The security situation in the southeastern parts of the Donetsk and Luhansk oblasts of Ukraine remains highly unstable with ongoing clashes between Ukrainian armed forces and Russian-backed armed separatists. This has resulted in more than 9,000 deaths and the displacement of over 1.5 million people. Civilians continue to get caught up in the fighting.
It’s illegal under Ukrainian law to enter internationally recognised Ukrainian territory through a border point that isn’t currently controlled by the Ukrainian authorities. If you do so, you risk arrest or a fine, and you may be subject to a travel ban. International border crossings that aren’t currently under the control of the Ukrainian authorities include all land border crossings into Donetsk Oblast and many or the land border crossings into Luhansk Oblast. A list of open border crossings is available at the State Border Crossing Service of Ukraine
There are no scheduled flights into or out of Donetsk and Luhansk airport.
The FCO is not able to provide consular services to anyone in Crimea.
Russian forces and pro-Russian groups have established full operational control in Crimea. Following an illegal referendum on 16 March 2014, Russia illegally annexed Crimea on 21 March 2014 and tensions remain high.
Ukrainian International Airlines have cancelled all flights to and from Simferopol.
All train and official bus services to Crimea have been cancelled.
It’s illegal under Ukrainian law to enter internationally recognised Ukrainian territory through a border point that isn’t currently controlled by the Ukrainian authorities. If you do so, you risk arrest or a fine, and you may be subject to a travel ban. International border points that aren’t currently under the control of the Ukrainian authorities include all air and sea ports in Crimea. A list of open border crossings is available at the State Border Crossing Service of Ukraine. To enter or exit Crimea, foreign nationals will need to provide their passport and a special permit issued by the State Migration Service of Ukraine.
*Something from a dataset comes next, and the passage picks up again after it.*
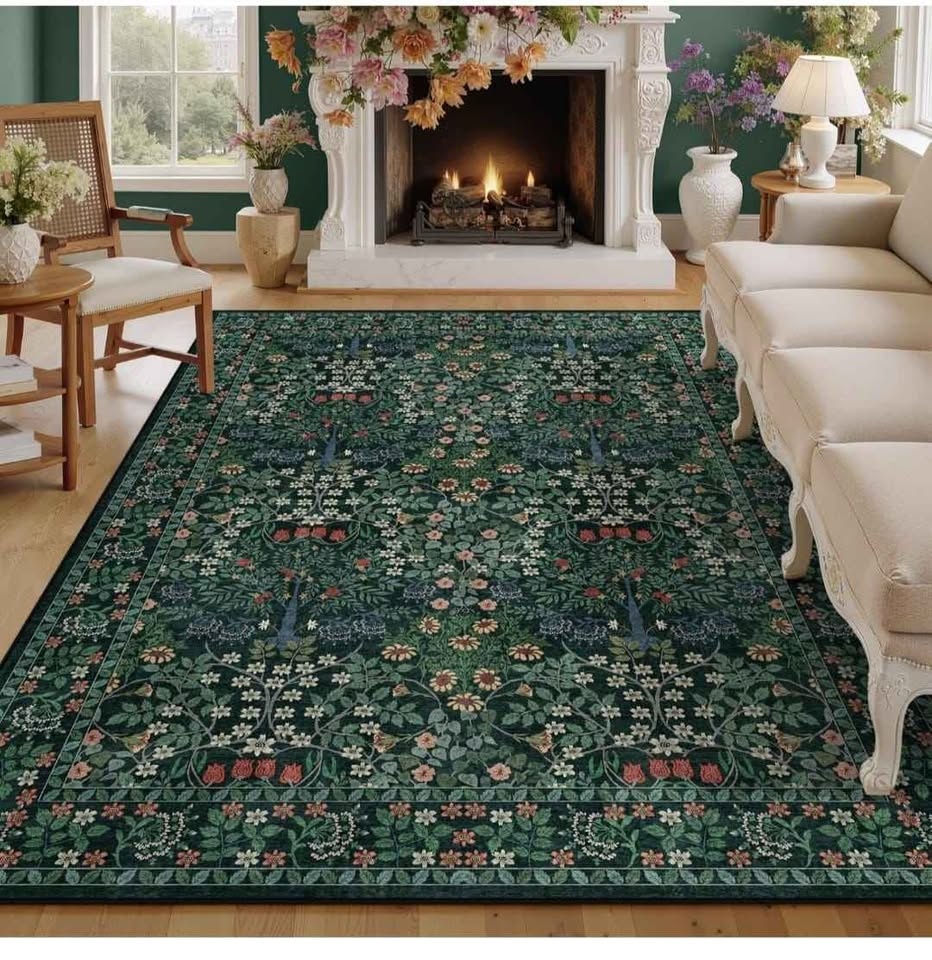 Brand New 6x9 Dark Green Floral Vintage Washable Rug - photo 5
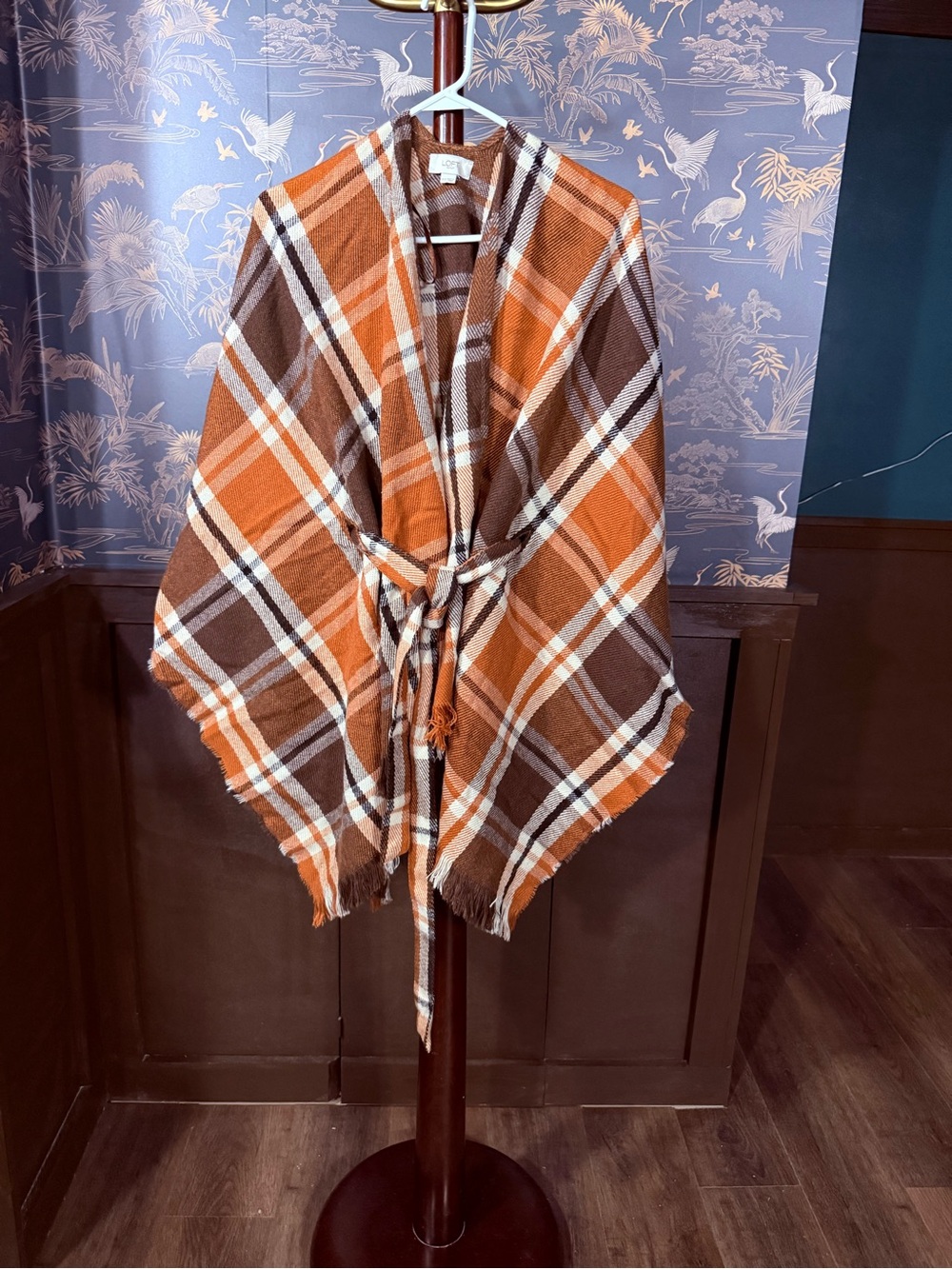 LOFT Outlet Brown and Cream Plaid Fringe Wrap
The Crimean sea ports of Kerch, Sevastopol, Feodosia, Yalta and Yevpatoria have been designated by the Ukrainian authorities as closed to international shipping.
Other parts of Ukraine, including Kyiv
The situation in Kyiv and western cities is generally calm, although occasional public demonstrations take place in and around the Verkhovna Rada (parliament building) and elsewhere in Kyiv. You should remain vigilant, particularly in the run-up to and aftermath of Independence Day on 24 August, and monitor the media for information about possible safety or security risks. Public demonstrations can flare up and turn violent with little warning.
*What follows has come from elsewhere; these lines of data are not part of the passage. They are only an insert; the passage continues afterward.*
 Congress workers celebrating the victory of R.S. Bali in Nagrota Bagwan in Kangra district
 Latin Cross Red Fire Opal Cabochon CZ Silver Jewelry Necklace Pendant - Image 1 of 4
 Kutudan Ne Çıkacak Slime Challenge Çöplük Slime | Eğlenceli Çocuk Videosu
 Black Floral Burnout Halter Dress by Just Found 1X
There has also been a series of small explosions, mainly in the middle of the night, and other security incidents in Kyiv, Kharkiv, Odesa, Kherson and Lviv. These have included bombs being placed in pubs and cafes and outside banks. There have also been hoax bomb threats, especially in Kyiv.
On 20 July, a car exploded in the centre of Kyiv resulting in the death of the driver, prominent journalist Pavel Sheremet. No other individuals were harmed and Ukraine’s security services are investigating.
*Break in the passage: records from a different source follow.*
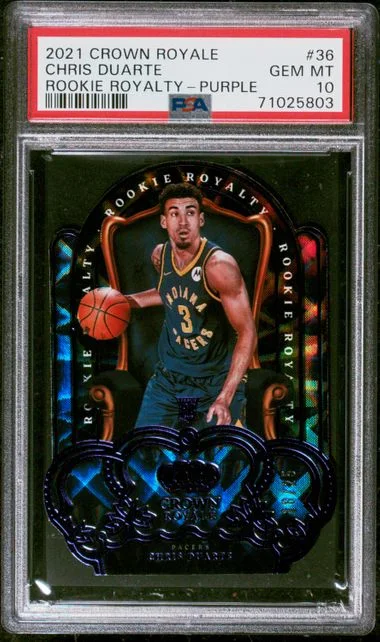 2021-22 Panini Crown Royale Chris Duarte Royalty Purple #36 card image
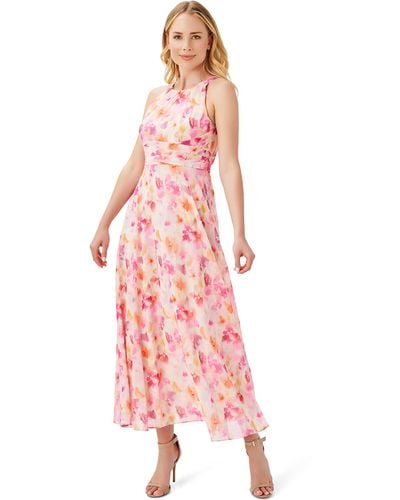 Adrianna Papell Printed Chiffon Watercolor Floral Midi Dress - Pink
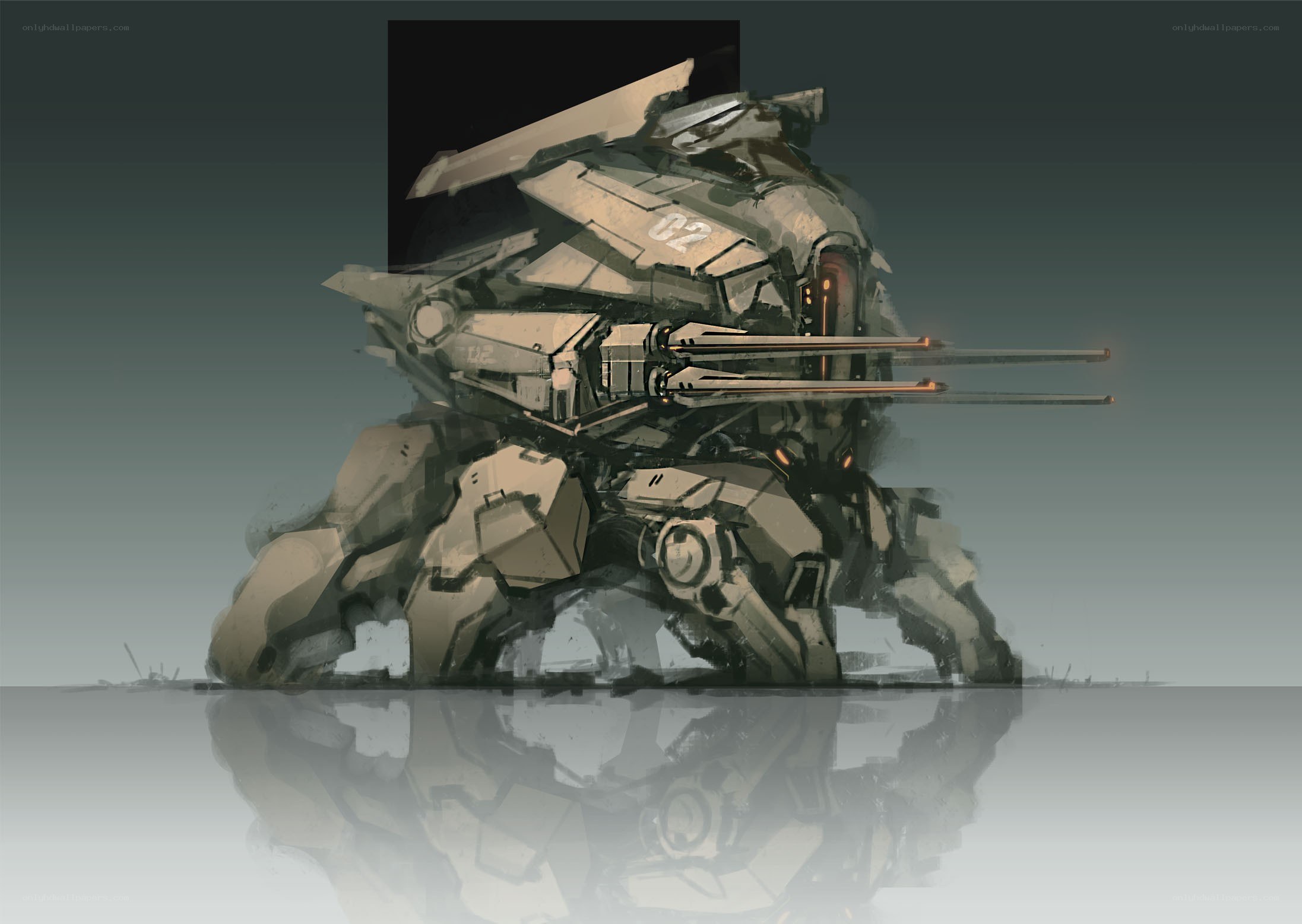 mech with twin cannons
You should take great care and remain vigilant throughout Ukraine. Avoid all demonstrations and take extra care in public gatherings.
The British Embassy in Kyiv is open to the public by appointment only. If you need to contact the British Embassy, please call +380 44 490 3660, or send an email to firstname.lastname@example.org
Around 55,000 British nationals visited Ukraine in 2015. Most visits are trouble-free.
Take care on the roads. There are a high number of traffic accidents, including fatalities. See Road travel
Beware of petty crime, especially in crowded areas and tourist spots or when using public transport. See Crime
There is a general threat from terrorism. See Terrorism
The Overseas Business Risk service offers information and advice for British companies operating overseas on how to manage political, economic, and business security-related risks.
Take out comprehensive travel and medical insurance before you travel.